How is Seam Carving like Latent Semantic Indexing?
In this post I’m going to do a quick overview of seam carving and how it looks just like dimensional reduction, an operation particularly useful in applications like search engines. If you are interested in Latent Semantic Analysis (or Latent Semantic Indexing), information retrieval, search engine optimisation or other related topics then you want to read on. If you don’t know what any of the things I’ve mentioned above are, you definitely will by the end of this post, especially after seeing the video. So take a look at the video and read on afterwards to find out how I think this is a good analogy to dimensional reduction.
So I’m comparing dimensional reduction on datasets like document stores with the resizing of images… it’s a stretch I know, but listen in and we’ll go over some of the similarities. Dimensionality reduction works differently to seam carving, but the aim is the same. To reduce a large space or set of data into a smaller one that best represents the original space. So this means the smaller data set is an approximation of the larger dataset. For example like we can use an average to summarise many, many points in a dataset, dimensional reduction and seam carving are basically like an average of a very large dataset.
In the seam carving video the least important “dimensions” are taken out of the picture incrementally, this leaves the features of the image in tact. A noise function is used to find the seams in the image that will be missed least when removed. The way dimensional reduction happens in many statistical operations is to find the features in the dataset that stand out the most. Tough maths is often used to find these features in a dataset. These two operations seem to be at opposites, but generally we end up with a remaining set of features that best describe the original dataset. This means we can store, manipulate, load and compare the smaller dataset a lot more effectively than the original larger dataset.
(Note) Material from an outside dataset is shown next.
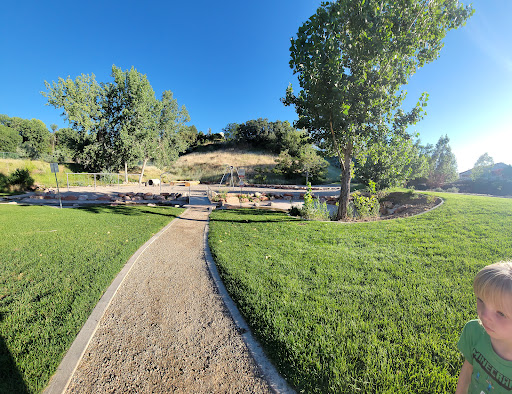 Deer Hollow Park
So we see that the principles between dimensionality reduction in datasets and seam carving are very similar, read on to find out some thing that dimsionality reduction in data does that seam carving doesn’t…
The Magic of Latent Semantic Indexing
The magic is actually apparent in many different dimensional reduction algorithms, not just LSI, but LSI is the one that most people are familiar with. What actually happens in very large datatsets such as those found in information retrieval systems is that dimensional reduction actually brings out hidden latent information that is in the data. This may be an association between two people, or words that was not identified before. Naturally this latent information doesn’t make a whole lot of sense in image resizing…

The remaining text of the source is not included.